_Your goal:_ Pictures in the records are to be excluded from an otherwise exact copy.

_Available data:_
>>>
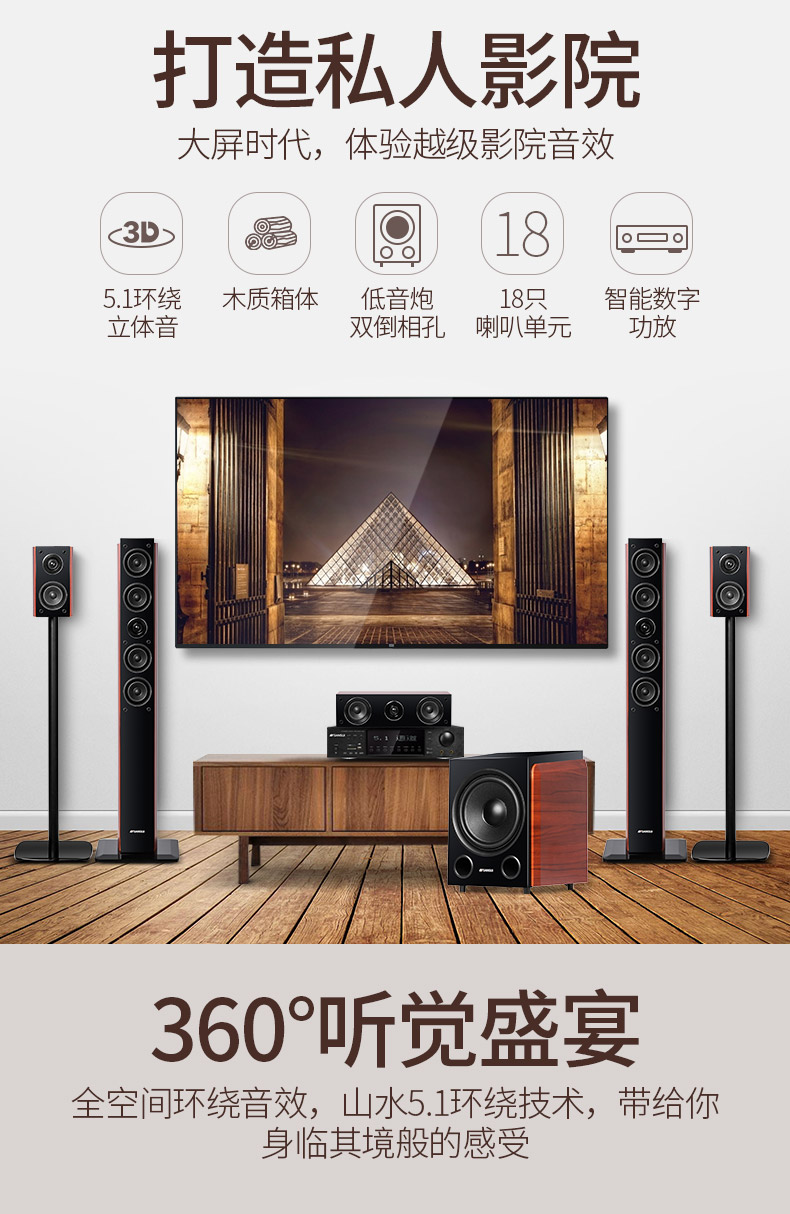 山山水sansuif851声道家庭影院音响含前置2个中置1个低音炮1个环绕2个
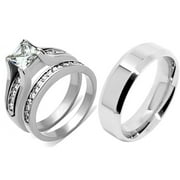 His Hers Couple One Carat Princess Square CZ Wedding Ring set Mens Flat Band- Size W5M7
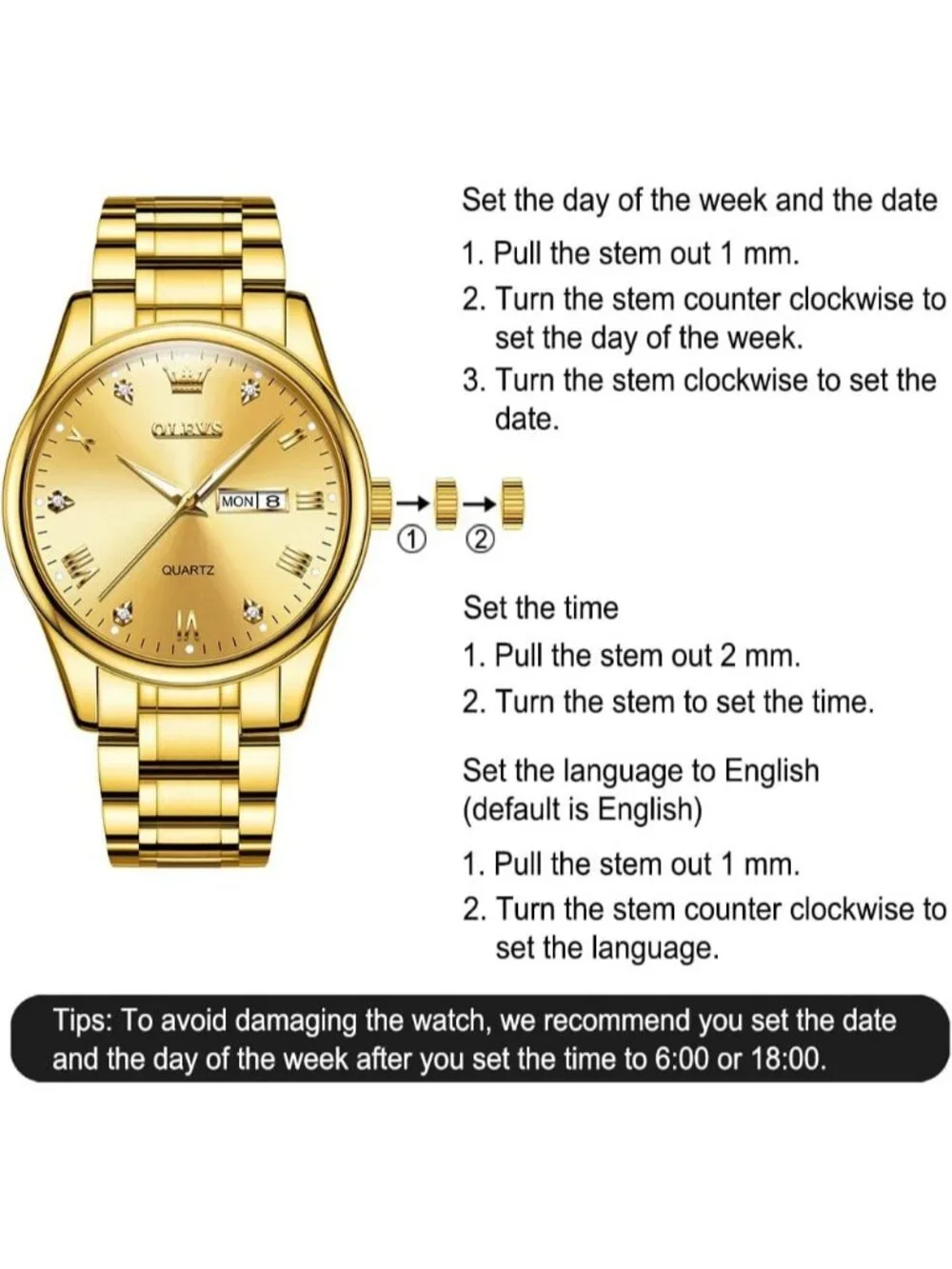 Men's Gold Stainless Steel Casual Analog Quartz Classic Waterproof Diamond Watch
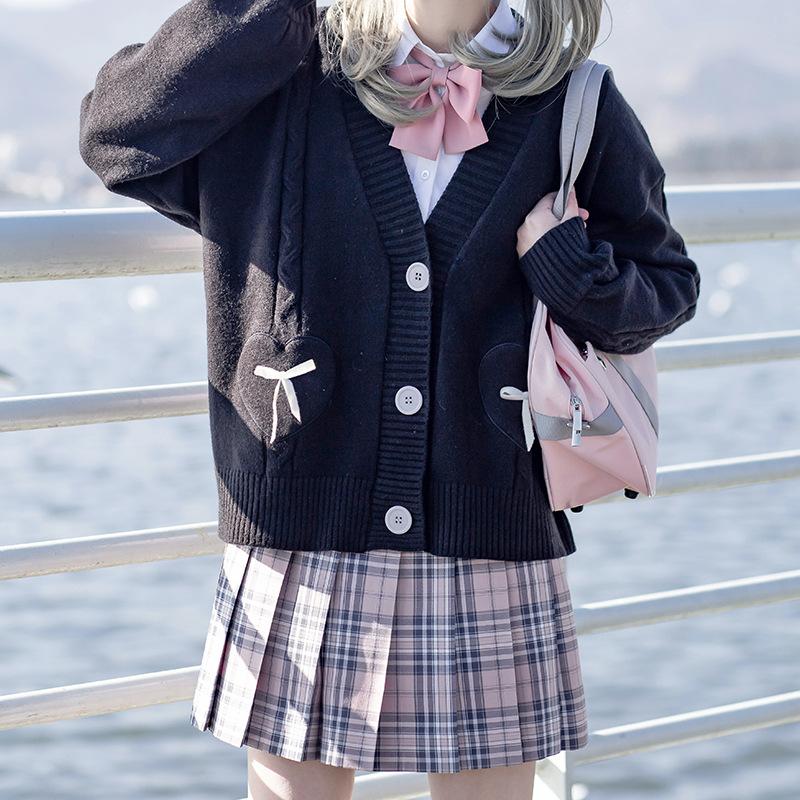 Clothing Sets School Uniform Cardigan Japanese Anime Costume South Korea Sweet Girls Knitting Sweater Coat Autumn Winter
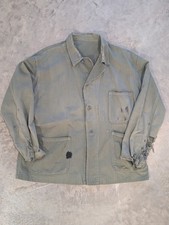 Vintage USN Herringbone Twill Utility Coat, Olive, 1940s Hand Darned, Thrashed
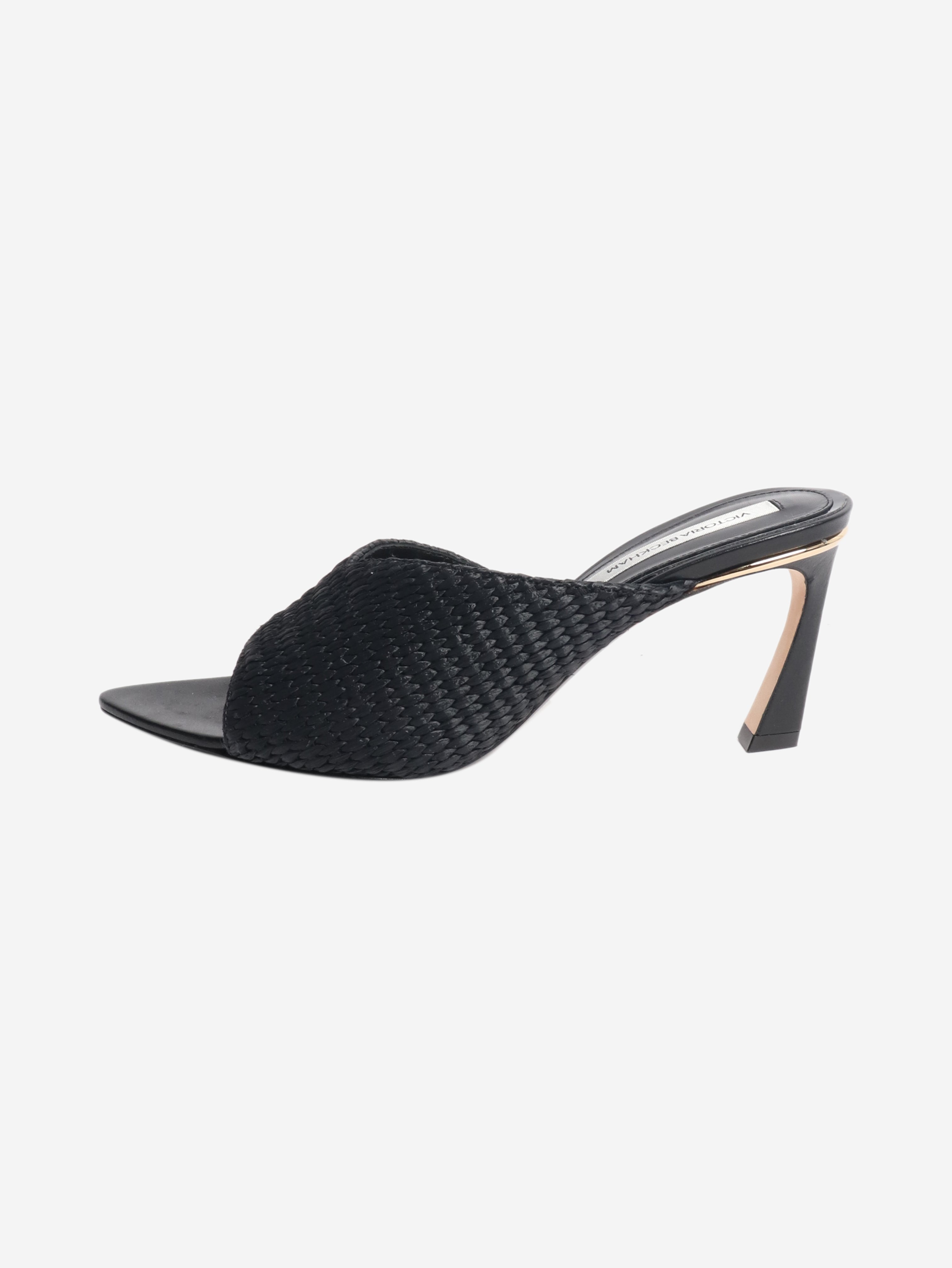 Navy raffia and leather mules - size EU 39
<<<
_Your response:_
 山山水sansuif851声道家庭影院音响含前置2个中置1个低音炮1个环绕2个
 His Hers Couple One Carat Princess Square CZ Wedding Ring set Mens Flat Band- Size W5M7
 Men's Gold Stainless Steel Casual Analog Quartz Classic Waterproof Diamond Watch
 Clothing Sets School Uniform Cardigan Japanese Anime Costume South Korea Sweet Girls Knitting Sweater Coat Autumn Winter
 Vintage USN Herringbone Twill Utility Coat, Olive, 1940s Hand Darned, Thrashed
 Navy raffia and leather mules - size EU 39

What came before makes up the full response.